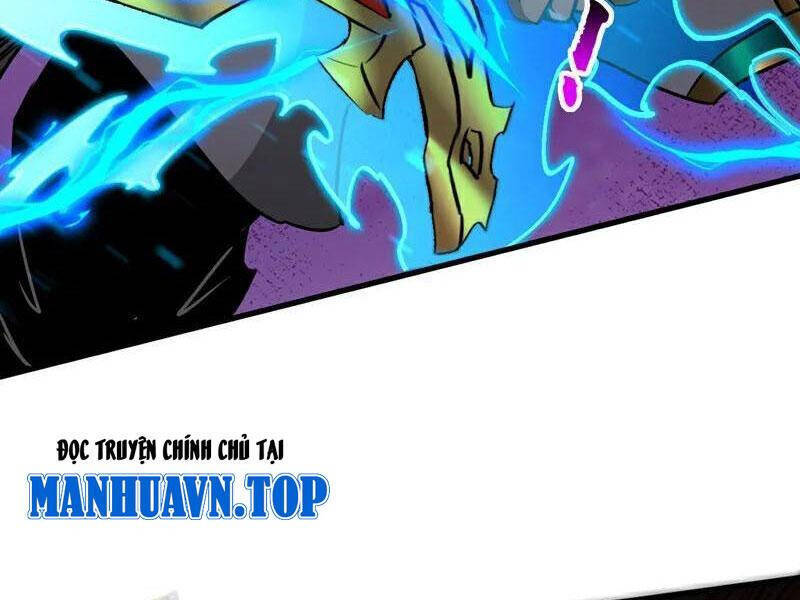 Đệ Tử Tu Luyện Còn Ta Thì Lười Biếng Chap 99 - Next Chap 100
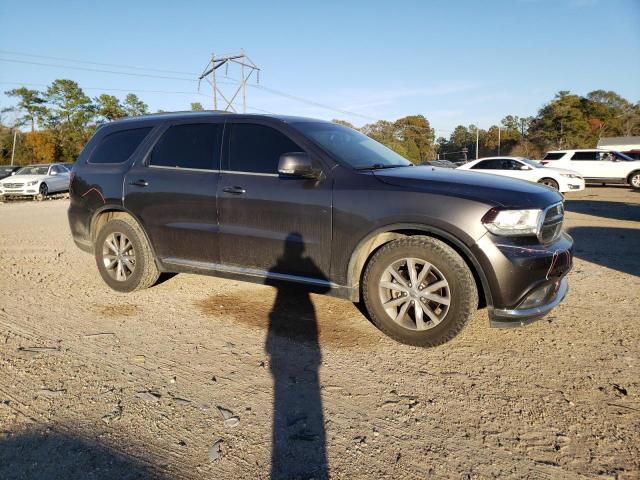 1C4RDHDG7EC499936 Dodge DURANGO LIMITED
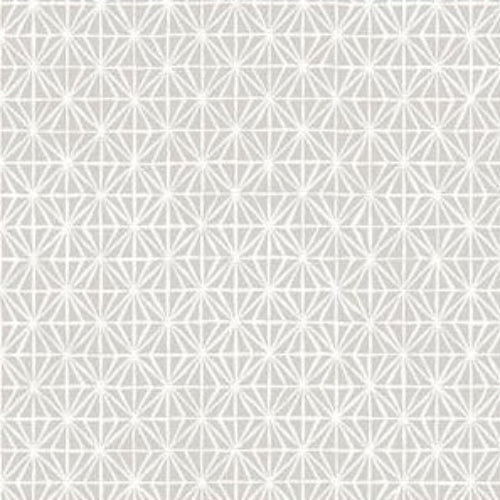 Sample WTP4050.WT.0 Segue Fog Geometric Winfield Thybony Wallpaper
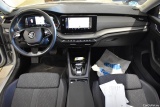  Skoda  Octavia  Combi Ambition 2.0 TDI 85KW AT7 E6d #9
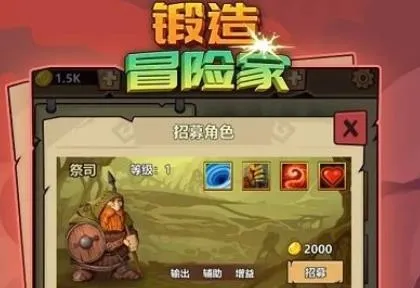 ����ð�ռ�����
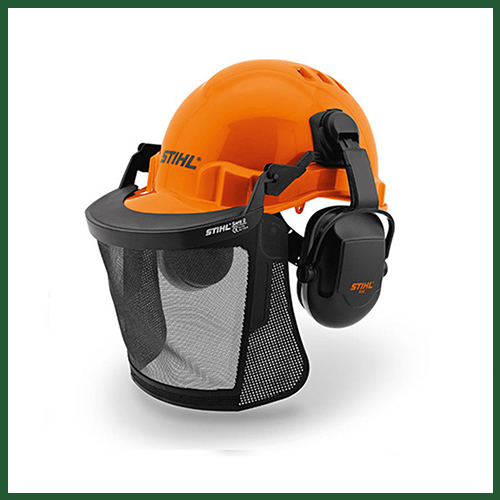 safety-clothing-category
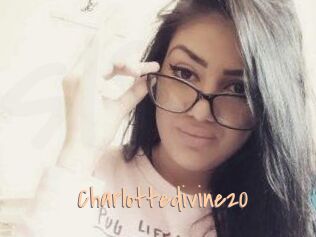 Charlottedivine20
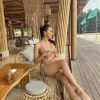 Susie photo 9, asian, athletic, black hair, 170 cm, 54 kg, Medium bust, Hong Kong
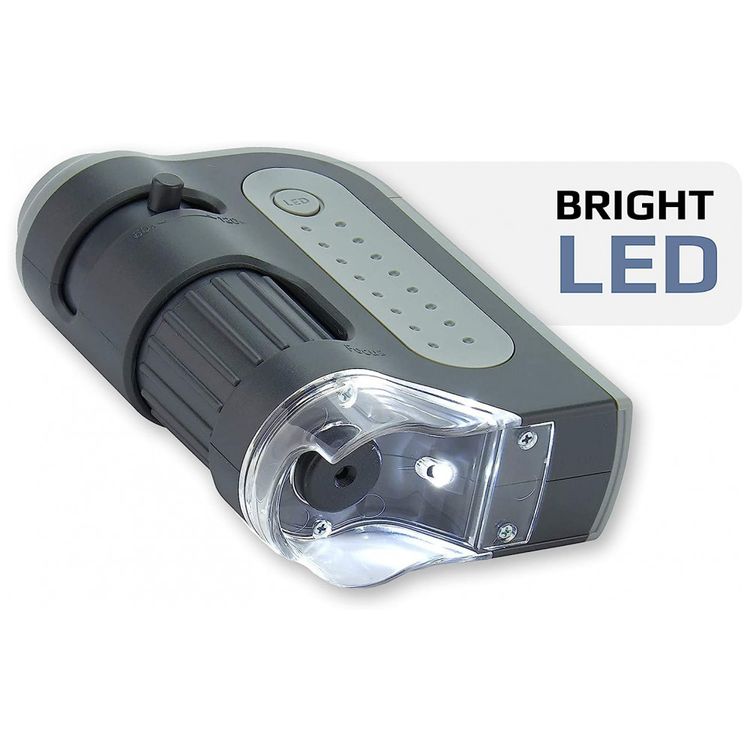 Microscopio-de-Bolso-Iluminado-por-LED-Carson-MicroBrite-foto-3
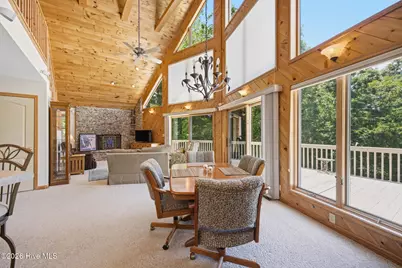 820 Chimney Ridge Drive, Topton, NC 28781 - Photo 16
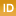 Intelligentdesign.org Logo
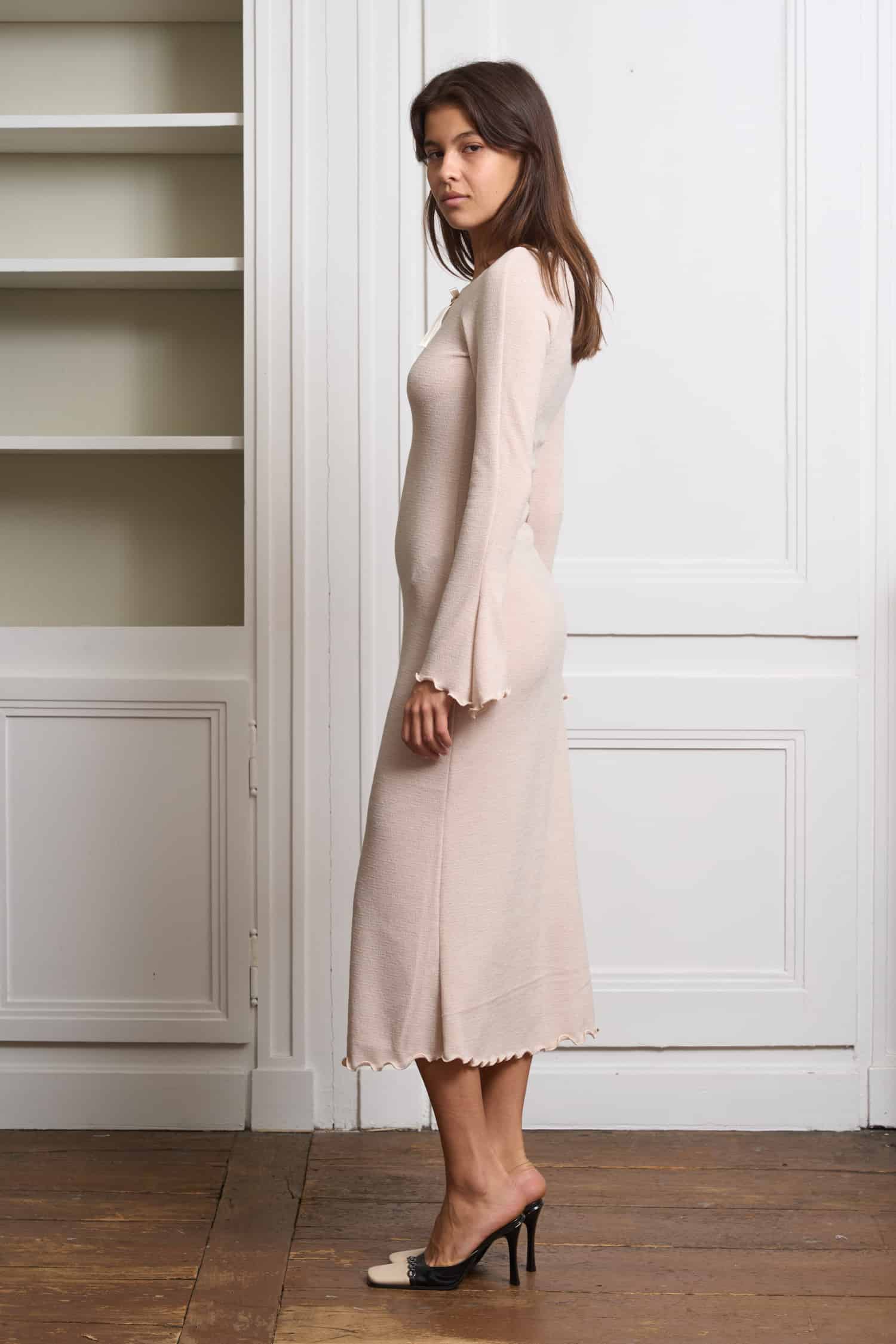 MaisonCleo_1310238217.jpg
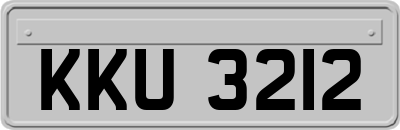KKU3212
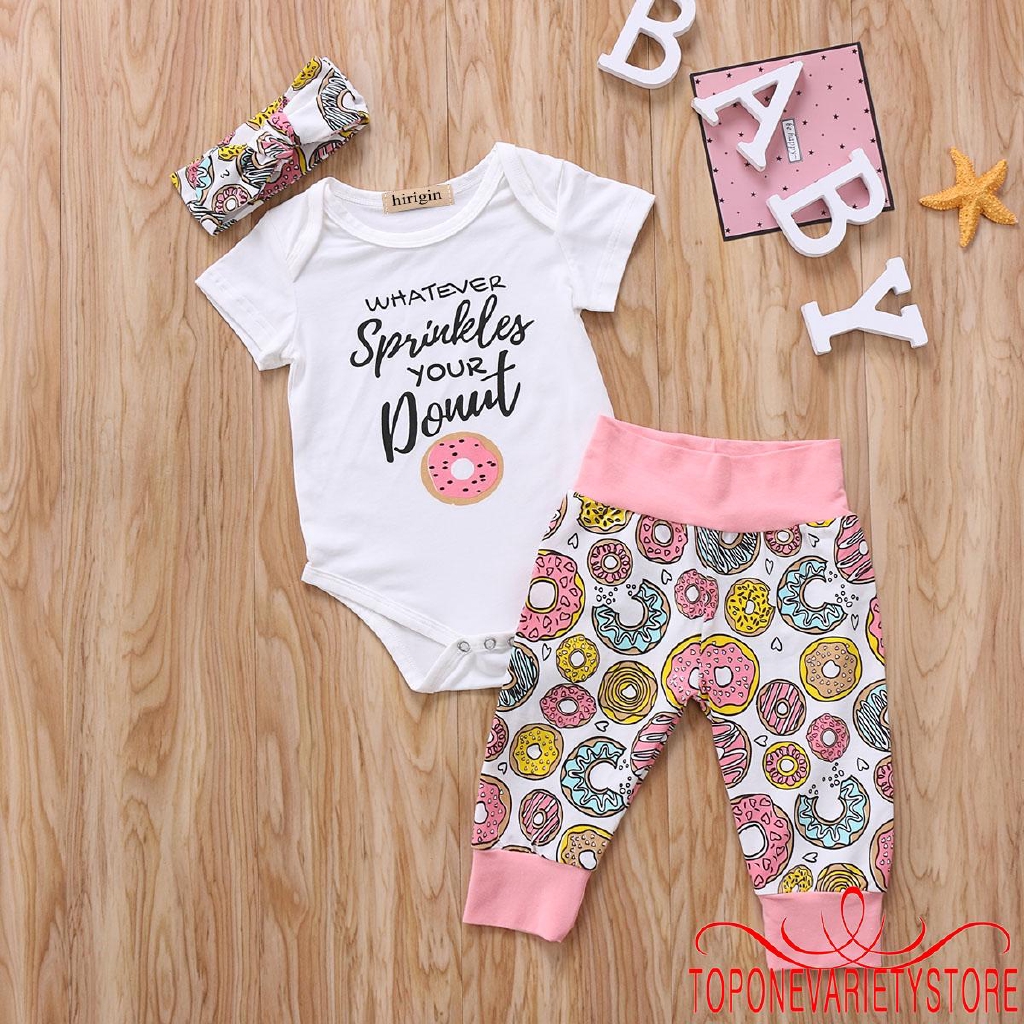 infant girl clothes on sale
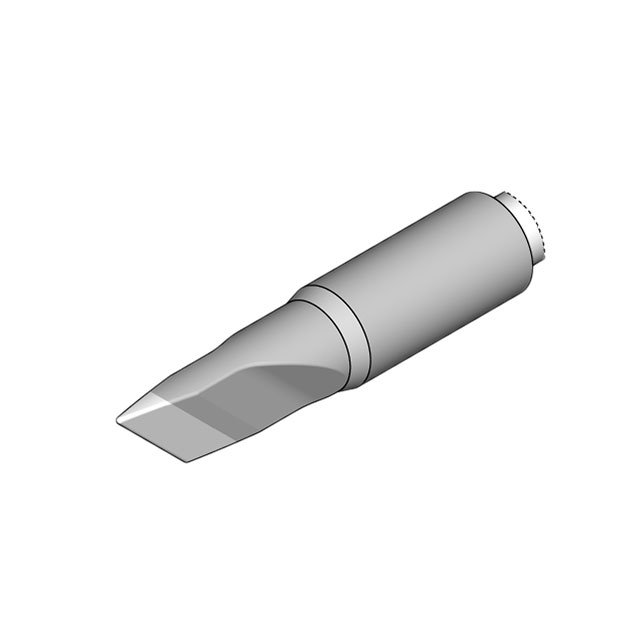 JBC TOOLS USA INC C245939 electronic component product image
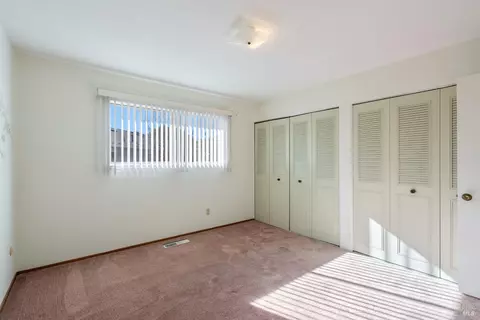 20718 Flint Ct, Sonoma, CA 95476 photo 19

• **Task statement**
Repeat exactly the lines in the entries from the one containing "Sample WTP4050.WT.0 Segue" to the final line, inclusive, and nothing beyond them; skip pictures.

• **Solved problem**
 Sample WTP4050.WT.0 Segue Fog Geometric Winfield Thybony Wallpaper
  Skoda  Octavia  Combi Ambition 2.0 TDI 85KW AT7 E6d #9
 ����ð�ռ�����
 safety-clothing-category
 Charlottedivine20
 Susie photo 9, asian, athletic, black hair, 170 cm, 54 kg, Medium bust, Hong Kong
 Microscopio-de-Bolso-Iluminado-por-LED-Carson-MicroBrite-foto-3
 820 Chimney Ridge Drive, Topton, NC 28781 - Photo 16
 Intelligentdesign.org Logo
 MaisonCleo_1310238217.jpg
KKU3212
 infant girl clothes on sale
 JBC TOOLS USA INC C245939 electronic component product image
 20718 Flint Ct, Sonoma, CA 95476 photo 19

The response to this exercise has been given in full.